Implementation Details

  • Double hashing requires that the hash table size is a prime number.

  • Using the prime numbers prevents infinite loops of step sizes because it allows the search to visit various indexes.

Open Addressing Techniques

  • Various collision resolution techniques such as liner, quadratic, or double hashing achieve some kinds of improvements.

Load Factor and Performance

Linear Probing

  • 50% load results in a sufficient speed.

  • 75% load is manageable, though speed is slightly affected.

  • 95% load is very slow for unsuccessful searches.

Quadratic Probing and Double Hashing

  • The situation is better than liner probing.

  • 90% load is still manageable. If overloaded at almost 100%, it will not help us.

Expansion

  • If there isn't enough place in hash, the array needs to expand.

  • Extending the array involves rehashing and reinserting all elements, which is time-consuming.
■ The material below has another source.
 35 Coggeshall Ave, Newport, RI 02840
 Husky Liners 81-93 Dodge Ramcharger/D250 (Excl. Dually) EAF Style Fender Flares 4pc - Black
  • For a double array sizes, there is a need to rehash, so elements must all be reinserted.

Separate Chaining

  • In separate chaining approach, lists are used.

  • With separate chaining, use linked lists that manage elements.

  • It has the advantage of not having memory constraints and makes duplicates and deletions of elements easier.

Table Properties

  • Does not require that the table size is a prime number.

  • Load factor in the table isn't of much of an issue.

Efficiency

  • If the load factor is 5 times, then speed maintains to be very acceptable.

When to use

  • Open addressing is simpler, but chaining is efficient if unsure about what elements will enter, since it is manageable.

Hash Functions

  • They should be simple and quickly computed.

  • Keys must be random.

  • Use prime numbers in the model to prevent the creation of infinite loops.

Conclusion

  • Hash tables are ideal for high-speed searches but have memory management disadvantages (efficiency around 50%).

  • Linked lists provide the most flexibility, whereas open addressing and simplistic tables are simpler for small-size data.

  • Different types of algorithms may give some advantages, which gives the best possible speed, but this leads to certain trade-offs.